The Onion aside, the news these past couple of weeks have been good for Boeing. Let’s rephrase that. The news these past couple of weeks out of Boeing has been good. No, that’s not it either. To give it another try, let’s say that Boeing has changed course in its response to the 737 Max crisis. Nope. But it’s closer. How about this? Boeing has launched a multi-pronged PR campaign in a desperate attempt to salvage its image. That’s the ticket.

Oh, and Sully flew a 737 Max in a scenario similar to what the Ethiopian Airlines and Lion Air pilots encountered in their unsuccessful attempts to save the day, when MCAS, the disastrously conceived and implemented stability system in the 737 Max, went haywire when sensors failed.

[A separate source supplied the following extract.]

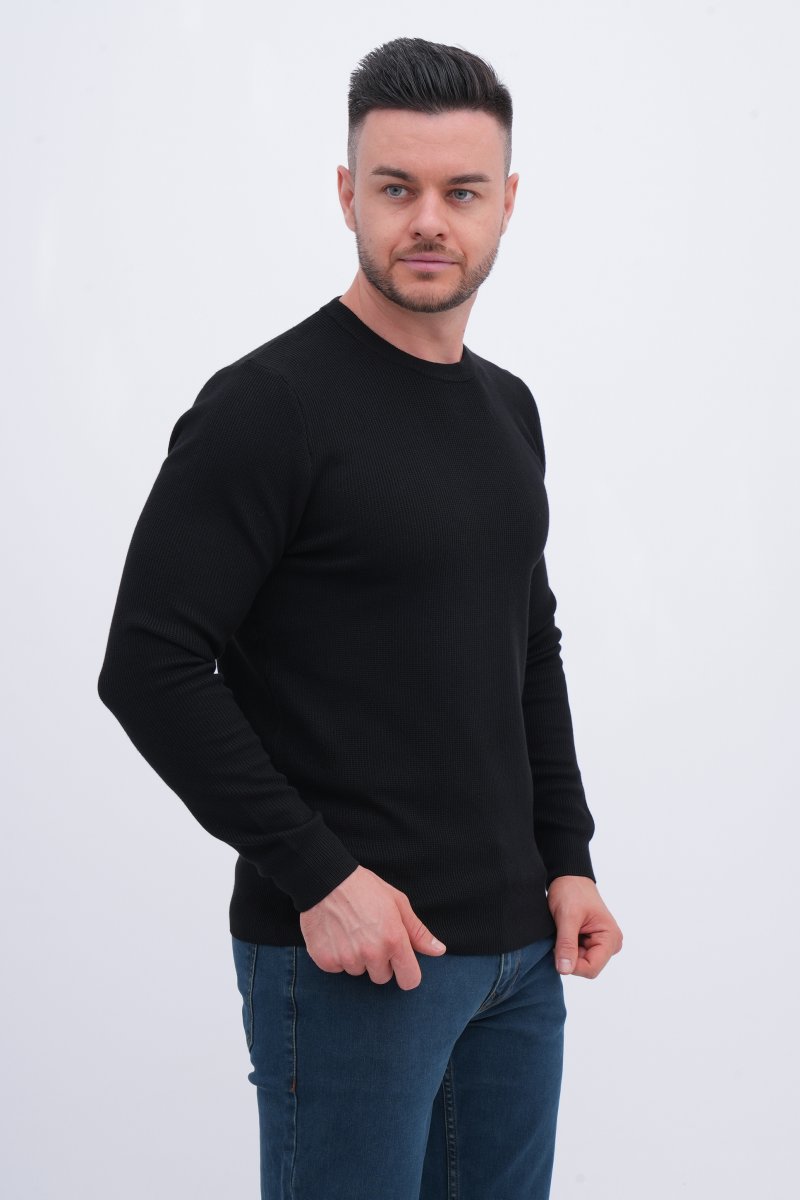 Свитер Trend Collection 7526 Черный (BLACK) - Фото 5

More on that in a second.

Oh, and Boeing still doesn’t have a firm timetable for getting the 737 Max, grounded since shortly after the Ethiopian Airlines crash in March. The company is facing demands from several of its airline customers that the carriers be compensated for the loss of revenue they faced when the Max was grounded by regulators.

Back to Boeing’s charm offensive. My first thought, when I heard Boeing CEO Dennis Muilenburg talk about the crisis, you know, the one in which two planes crashed apparently after an MCAS failure (it was kind of a failure) brought down two planes in the course of a few months, killing a total of 346 people, was that Boeing was doing damage control. Nothing he’d previously said on the subject came close to accepting responsibility for the crisis. But I was keeping an open mind.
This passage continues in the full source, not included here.